While citing “lack of industry interest in leasing in the area” as a reason to cancel Cook Inlet auctions might be a convenient simplification of a larger context of political and geopolitical complications, there is also a core truth to the federal government’s statements. A controversial sale of oil and gas leases in the Arctic National Wildlife Refuge under the Trump administration fell far short of its revenue goals. 

After huge publicity leading up to the highly contested sale, the auction was a dud. Not one major energy company made a bid. The government sold only half of the tracts on offer – 11 tracts of 22 – and the vast majority of the winning bids were submitted by a development corporation owned by the state of Alaska. That corporation, The Alaska Industrial Development and Export Authority, bought their 400,000 acres at the minimum bid, and has never drilled a well in its history. According to reporting from the Anchorage Daily News, the results of the sale were a “bad start” to reach anticipated revenues. “It had estimated the lease sales would bring in $1.8 billion over a decade, to be split between the Alaska and federal governments,” the report stated. “The money raised [in the auction] fell far short.”
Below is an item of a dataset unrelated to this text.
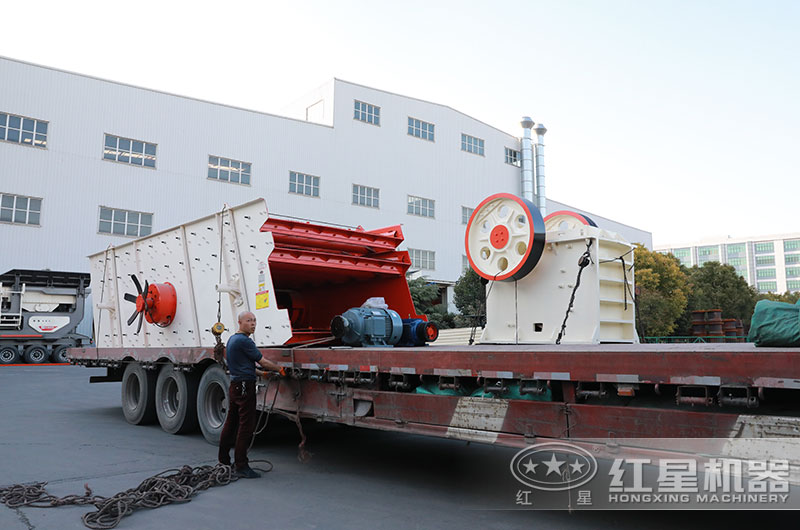 設備運輸、安裝方便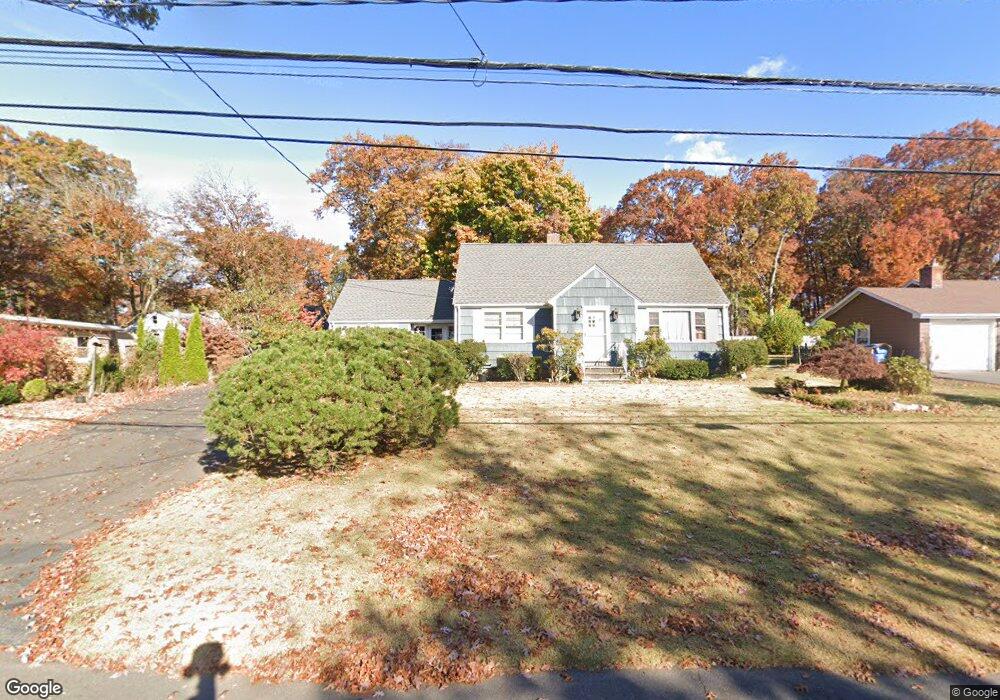 81 Maplehurst Ave, New Britain, CT 06053 - photo 1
The message seems to be that while oil and gas leases still hold major political sway, they have lost their luster in the eyes of the private sector. An opinion piece written for the Houston Chronicle at the time of last year’s “failed auction,” argued that the shocking lack of interest from anyone other than a state-owned economic development corporation signaled that the oil itself was no longer needed, but oil jobs are desperately missed. 

That may no longer be the case. The context could not be more different this time around. Last year energy demand was low and reports of peak oil were high in the wake of global Covid-19 quarantines. This year, we’re in the midst of a “global energy crisis of unprecedented depth and complexity,” in the words of the International Energy Agency (IEA). The huge cutback of Russian oil and gas on the global market has left a huge vacuum and governments and consumers alike are paying the price, while Big Oil receives the windfall. 

While there may be some fresh incentive for new oil and gas drilling, however, Big Oil doesn’t think that this fossil fuel renaissance is here to stay. In fact, OPEC is anticipating major decreases in demand in the coming year(s) and has responded with major production cuts to buoy oil prices. Indeed, even now it seems uncertain whether the Cook Inlet leases included in the December 30th auction will ever actually result in drilling. Already, the announcement of the sale has drawn vocal scorn from environmental groups. One such group, the Center for Biological Diversity, told Bloomberg that drilling in the allotted waters would harm a number of species, including the Cook Inlet beluga whale, one of the most endangered whale populations in the world. 

It’s up in the air the way that the lease will play out, and the results will be very telling about private sector attitudes over which way the winds are blowing for Big Oil.